Le « Los Angeles Times » secoué par une grève historique
Illustration de son aura et de sa place de poids dans l’histoire de la presse, son nom rebondit au gré des chapitres des monographies et des livres dédiés à la vie des médias. De promotion en promotion, les étudiants en journalisme l’ont rencontré, certains à l’épreuve d’un exposé en ‘’TD’’, d’autres à l’autre d’aborder les grands canards de l’histoire ou l’économie de la presse.
Le « Los Angeles Times » — c’est de lui qu’il s’agit — vient de connaître la première secousse existentielle de son histoire. Référencé au rang des doyens de la presse écrite quotidienne — il est né en 1881 sur fond de grande fécondité médiatique —, le plus emblématique des médias de la Californie a été paralysée, vendredi 19 janvier, par la première grève de son existence.
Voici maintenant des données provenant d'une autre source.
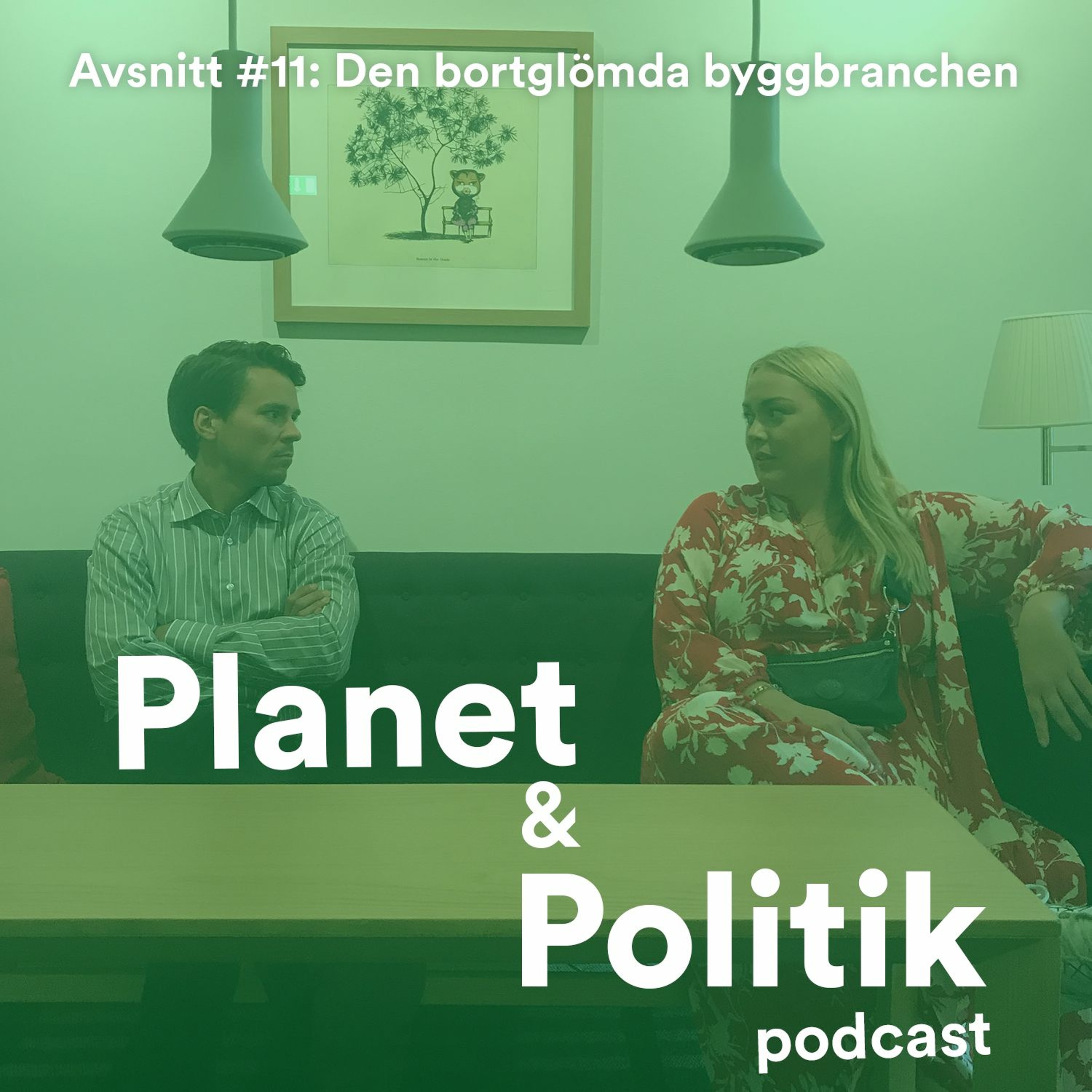 Planet & Politik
Un coup dur pour ce titre qui émarge au palmarès des distinctions internationales avec pas moins de 51 Pulitzer, le plus prestigieux des prix octroyés aux médias.
Les salariés — journalistes et employés des autres services — ont débrayé, poussé en cela pas un nouveau plan social sept mois après une première coupe qui a allégé la rédaction de 70 postes. À l’image de nombre de journaux aux quatre coins du monde, le « Los Angeles Times » a vécu une année 2023 marquée par la récession.
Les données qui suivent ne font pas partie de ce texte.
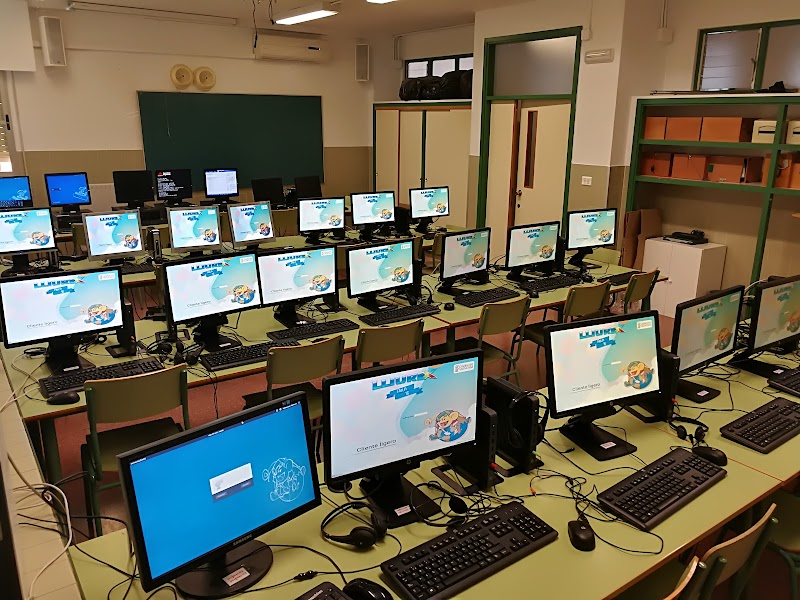 Imagen de negocio en Servicios IT en Provincia de Valencia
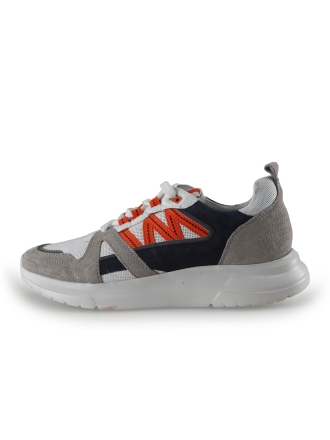 Invinci Sneaker Weiß 275048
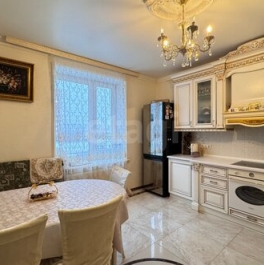 Продажа 3-комн квартиры на вторичном рынке ул Коммуны,  д. 28,  к. 2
En dépit d’un lectorat assez substantiel au regard des indicateurs internationaux (500.000 abonnés numériques et des abonnées au journal papier), la trésorerie du premier quotidien de la côte ouest a enregistré une perte estimée entre 30 et 40 millions de dollars.
Le média californien a été repris en 2018 par le milliardaire sud-africain Patrick Soon-Shiong, un investisseur dans le domaine de la biotech. Le nouveau propriétaire, dont la fortune est estimée à plus de 7 milliards de dollars par le magazine « Forbes », s’est offert le titre moyennant un chèque de 500 millions de dollars.
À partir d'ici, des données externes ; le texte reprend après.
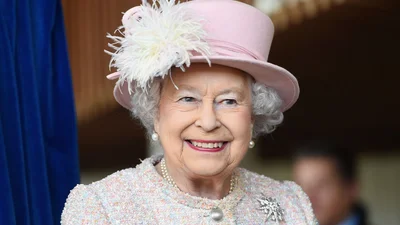 Ось що справді хвилювало королеву Єлизавету у житті в Букінгемському палаці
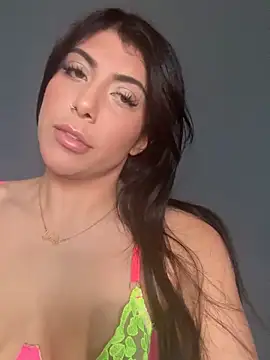 Divine Daniella online show from April 22, 2026, 4:36 pm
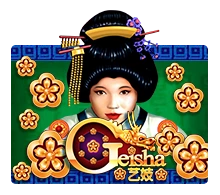 Joker123 : Geisha - SUMMER138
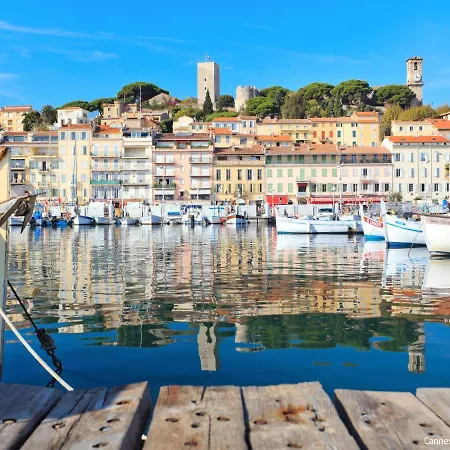 Bay-2 By Interhome Appartement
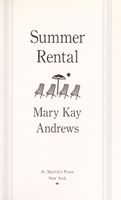 Summer rental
« Etre racheté par un milliardaire ne suffit pas. C’est l’amère expérience vécue par le Los Angeles Times, aux prises avec une perte de ses recettes et une érosion de ses ventes », observe, les yeux fixés sur les chiffres commerciaux, le correspondant du Monde aux États-Unis.
Source d’angoisse supplémentaire pour Patrick Soon-Shiong, la grève intervient dans un contexte pesant marqué par une succession de mauvaises nouvelles pour le journal.
Le « Los Angeles Times » a entamé l’année 2024 en assistant, ébahi, à la démission de son directeur de la rédaction. Professionnel au talent reconnu venu de la presse sportive (ESPN), Kevin Merida a rendu son tablier sous les effets conjugués de résultats jugés ‘’decevants’’, de conflit éditorial avec une partie de la rédaction et, facteur aggravant pour le climat de travail, la non concrétisation d’un accord salarial avec le syndicat de la presse malgré des discussions vieilles d’un an.
Avant cette grève, une partie de la rédaction était déjà en arrêt de travail forcé. En novembre dernier, une trentaine de journalistes ont manifesté leur mécontentent de la couverture de la guerre de Gaza par leur journal.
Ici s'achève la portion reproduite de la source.